To do
Nothing outside the stretch is wanted. Repeat exactly the lines of the listing below from the one that contains "Two-Piece Set with Slit Detail - Navy" through the one that contains "Ultra Soft Area", both ends included.

Dataset content
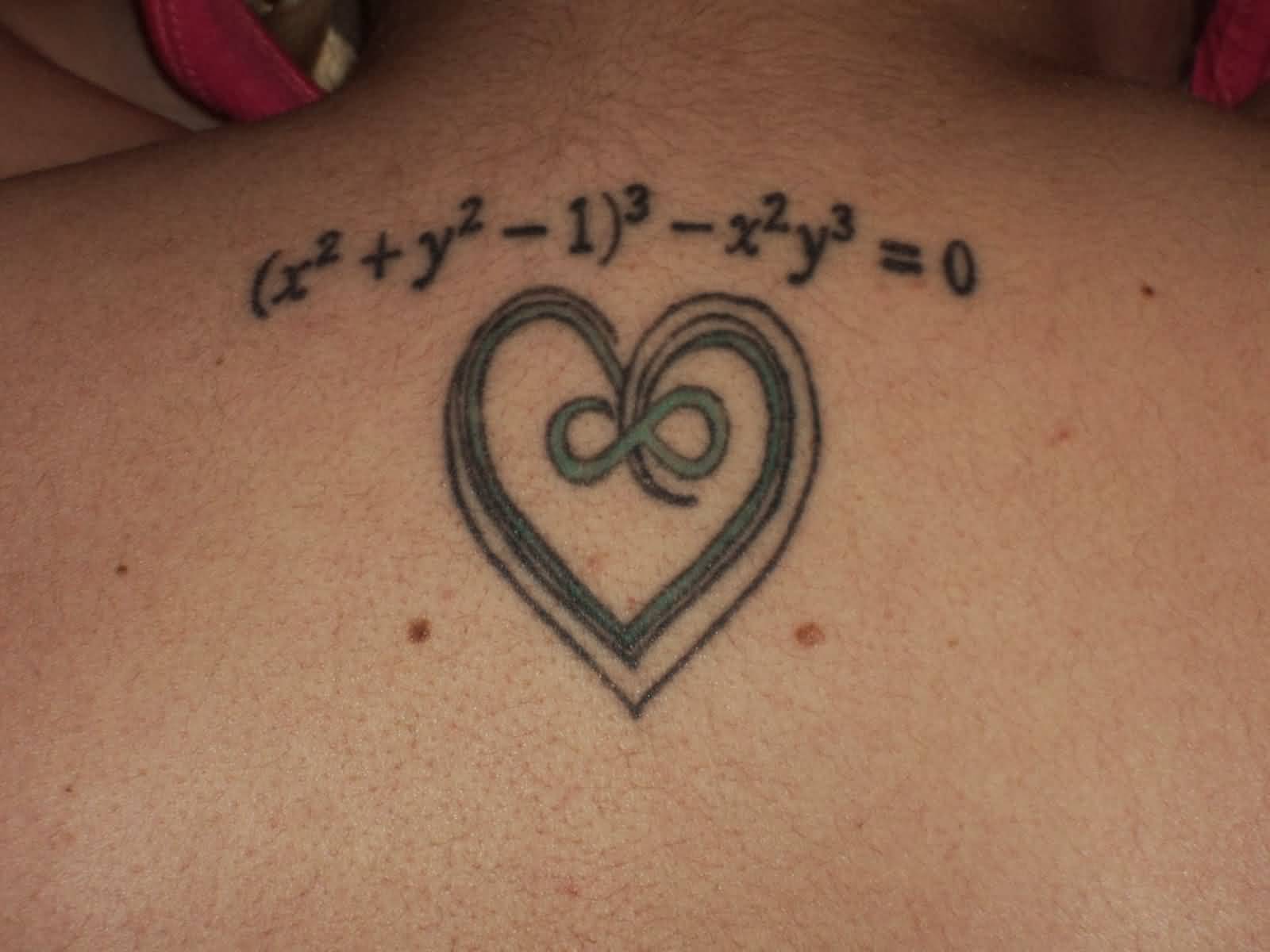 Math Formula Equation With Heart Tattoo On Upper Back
* * *
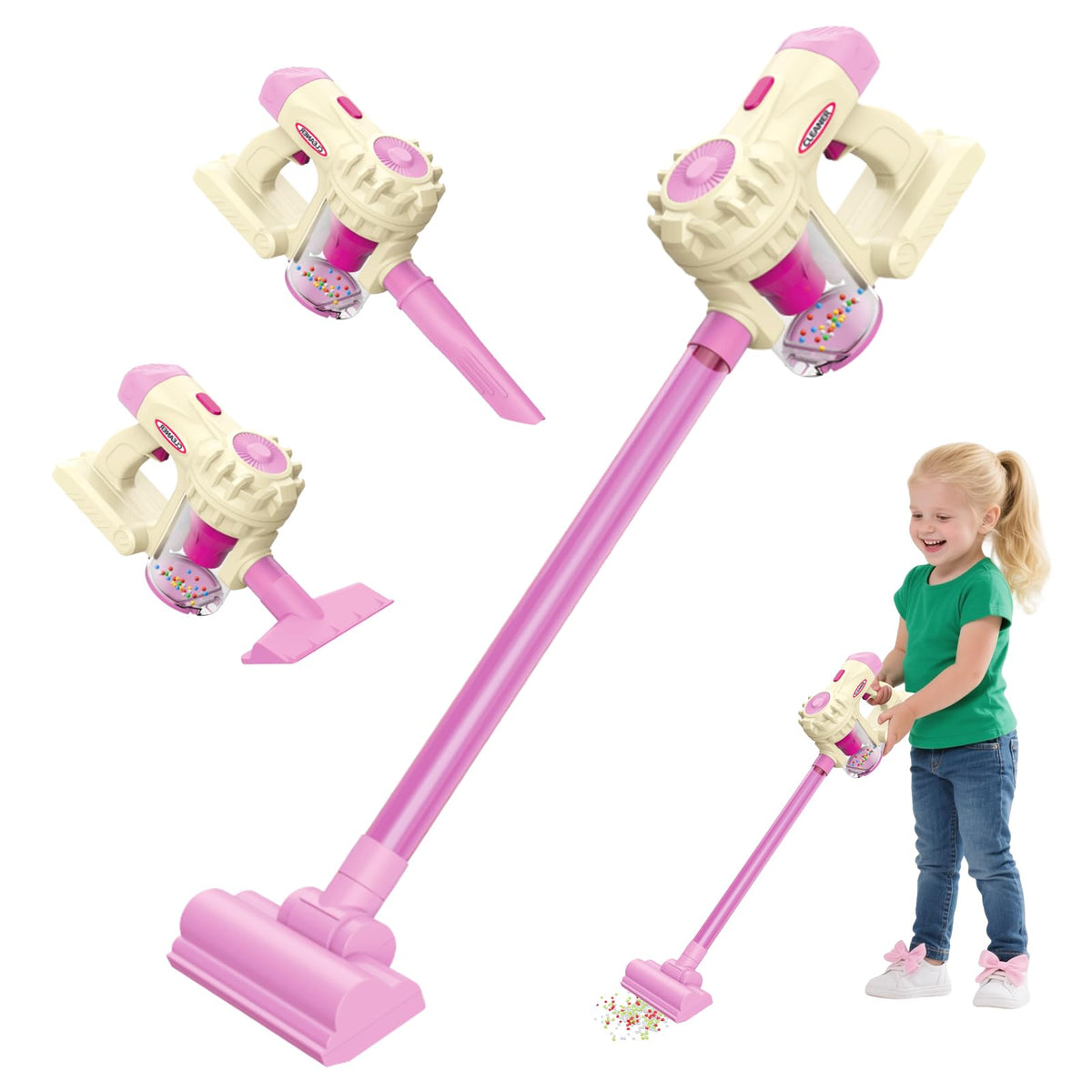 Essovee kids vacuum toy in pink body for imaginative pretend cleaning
---
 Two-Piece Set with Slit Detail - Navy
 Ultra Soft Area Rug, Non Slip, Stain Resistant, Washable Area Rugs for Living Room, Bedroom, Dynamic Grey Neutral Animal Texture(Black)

Expected output
 Two-Piece Set with Slit Detail - Navy
 Ultra Soft Area Rug, Non Slip, Stain Resistant, Washable Area Rugs for Living Room, Bedroom, Dynamic Grey Neutral Animal Texture(Black)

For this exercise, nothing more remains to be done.